Once again, I’ve got another novel in my head- that make’s six now: 1 series (3 novels), half a series (2 novels) and the first of another series. Usually, when I finish a novel or short story I wonder, just for fun, how it would go if I continued it. Most of the time, nothing comes from it but sometimes the idea plants itself in my mind and I can’t help but create scene after scene until it becomes a full blown story.
Even before I do any character mapping or world building, everything becomes real. Some characters aren’t even fully fleshed out but they seem as real the characters I’ve spent a lot of time developing. Their situations fit so well into the previous novel without me planning it that way. Even the world, which undoubtedly needs some work, becomes a real place in my mind.
Although I’ve worked on 2 novels extensively, they’re still pretty rough. When I first wrote them, I didn’t intend them to be a part of a series so, now I have to take into account other books will build off of them. The novels I plan on working on well into the future, I write in a journal only. To me, putting it in a Word Doc is a commitment to seriously work on it and right now, those novels are really really rough drafts. I call them the draft before the draft.
Despite this, I’ve been able to keep to my one-novel-at-a-time plan. I’m not feeling overwhelmed and I don’t feel I’m neglecting the novel I’d been working on for months simply because another came to mind. Wiring the new novels only in a journal helps me prioritize. All my novels are important but the ones on the computer get my attention first.
Creative Commons |
It’s funny how these novels are turning into series because I was resistant to the idea for a long time. I understood why people wrote series I just didn’t want to. But, because of these stories, I love figuring out creative ways of telling the story over three books. I’m still having trouble, though, with the overarching story for the first series. I’ve written the character’s origins- how the first creature came to be, how each generation led to creatures with different abilities and where the villains came from but I don’t like it. I can’t figure out why though. This is where the journal comes in again. Typing on a computer is great but writing it out helps me visualize. Writing novels, building worlds is a puzzle. You have all the pieces and now you must make them all fit together seamlessly.
by Eeliass |
I keep thinking, for an unpublished writer, having 6 novels planned may be a bit much but I can’t help it. They just keep coming to me. The stories commit to me before I commit to them. But even if I could stop them, I wouldn’t.

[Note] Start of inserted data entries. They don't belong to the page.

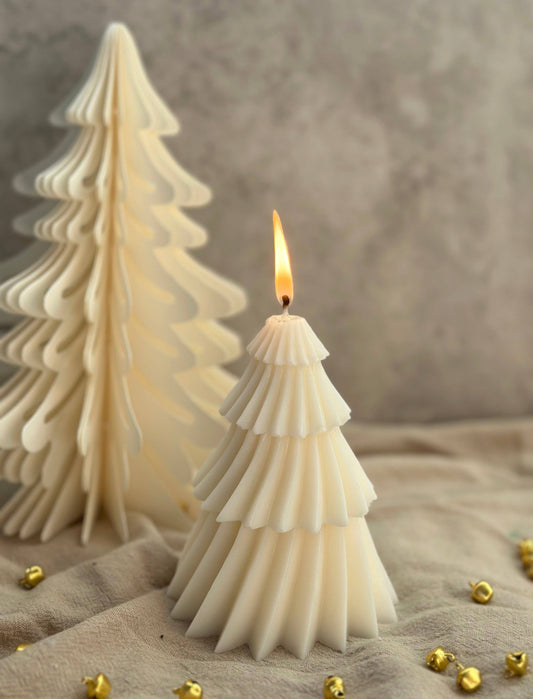 Evergreen Pleat Tree Candle : Hunter Green
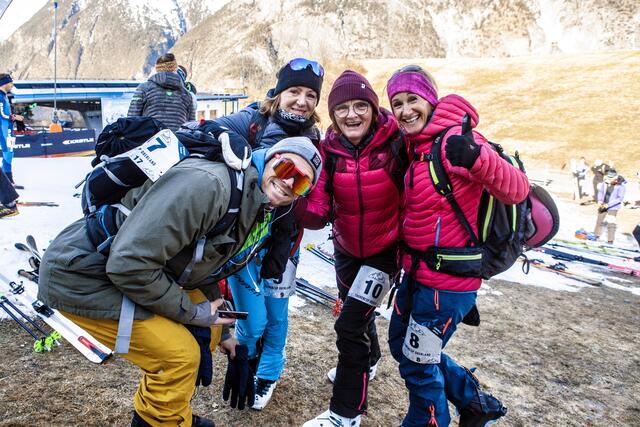 Die Stimmung bei den TeilnehmerInnen war sichtlich gut. | Foto: Oberland Tourencup/Julia Brunner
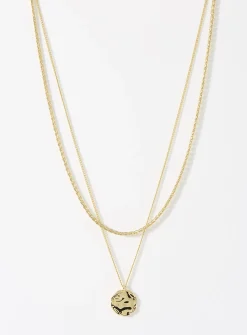 Hammered medallion chains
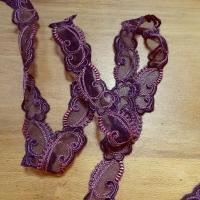 Dentelle brodee prune rose volutes 1 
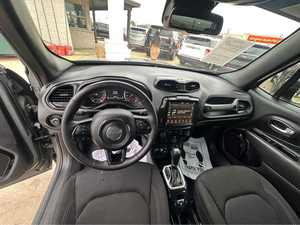 Jeep Renegade 2022 d'occasion propre - Product Image 3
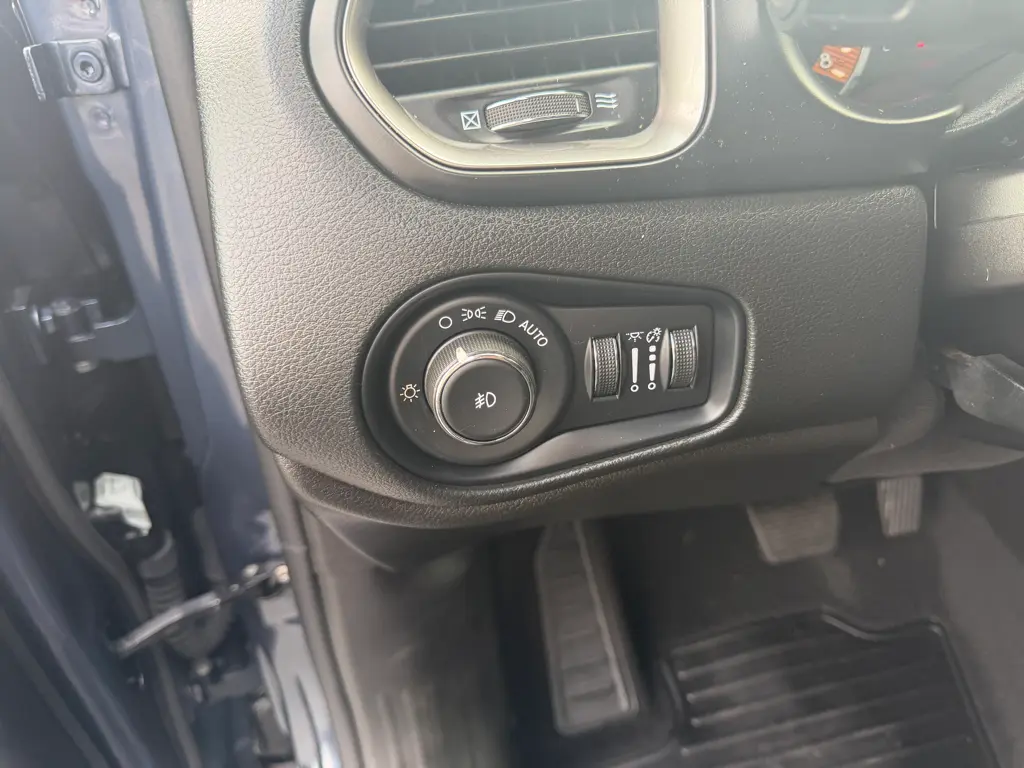 2023 Jeep Renegade - $19,995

2 thoughts on “Novel Planning”
I have a notebook where I write down ideas for future novels. I can't work on more than one at a time. I can revise one and write another, but I can't be drafting two together. I have on occasion gone one step further and opened a Word document to start planning a novel in more depth. I'm a planning maniac. But then I let the planning sit until I'm ready to start working on that book alone.
I really try to work on one novel at a time but I end up getting scenes and characters for another novel that I have to write down but I don't devote much time to them. I'm a lot better then I used to be. I used to write and edit several novels at once which meant nothing got done.